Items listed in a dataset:
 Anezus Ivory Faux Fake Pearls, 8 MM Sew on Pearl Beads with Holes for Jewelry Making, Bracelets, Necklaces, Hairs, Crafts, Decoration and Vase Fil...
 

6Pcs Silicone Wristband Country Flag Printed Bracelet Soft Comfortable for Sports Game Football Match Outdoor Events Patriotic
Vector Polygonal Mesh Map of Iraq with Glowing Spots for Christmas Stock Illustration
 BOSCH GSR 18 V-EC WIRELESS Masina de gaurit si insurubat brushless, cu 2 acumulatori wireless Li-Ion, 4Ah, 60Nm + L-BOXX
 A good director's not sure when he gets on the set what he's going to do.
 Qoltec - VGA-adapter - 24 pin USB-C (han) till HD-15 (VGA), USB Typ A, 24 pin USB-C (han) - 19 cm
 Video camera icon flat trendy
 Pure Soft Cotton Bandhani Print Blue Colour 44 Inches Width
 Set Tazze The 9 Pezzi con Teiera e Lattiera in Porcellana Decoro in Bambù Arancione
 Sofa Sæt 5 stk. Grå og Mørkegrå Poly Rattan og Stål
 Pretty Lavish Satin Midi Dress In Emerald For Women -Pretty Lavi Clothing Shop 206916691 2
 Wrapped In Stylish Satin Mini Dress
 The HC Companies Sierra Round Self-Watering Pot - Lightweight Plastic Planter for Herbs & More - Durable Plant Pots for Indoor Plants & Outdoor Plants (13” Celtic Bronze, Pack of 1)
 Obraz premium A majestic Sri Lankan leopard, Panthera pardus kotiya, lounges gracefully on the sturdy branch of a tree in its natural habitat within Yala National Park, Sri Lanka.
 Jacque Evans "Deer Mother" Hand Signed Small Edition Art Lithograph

> Task to carry out:
Each line above that contains the string "Outdoor" should be copied.

> Exercise result:
6Pcs Silicone Wristband Country Flag Printed Bracelet Soft Comfortable for Sports Game Football Match Outdoor Events Patriotic
 The HC Companies Sierra Round Self-Watering Pot - Lightweight Plastic Planter for Herbs & More - Durable Plant Pots for Indoor Plants & Outdoor Plants (13” Celtic Bronze, Pack of 1)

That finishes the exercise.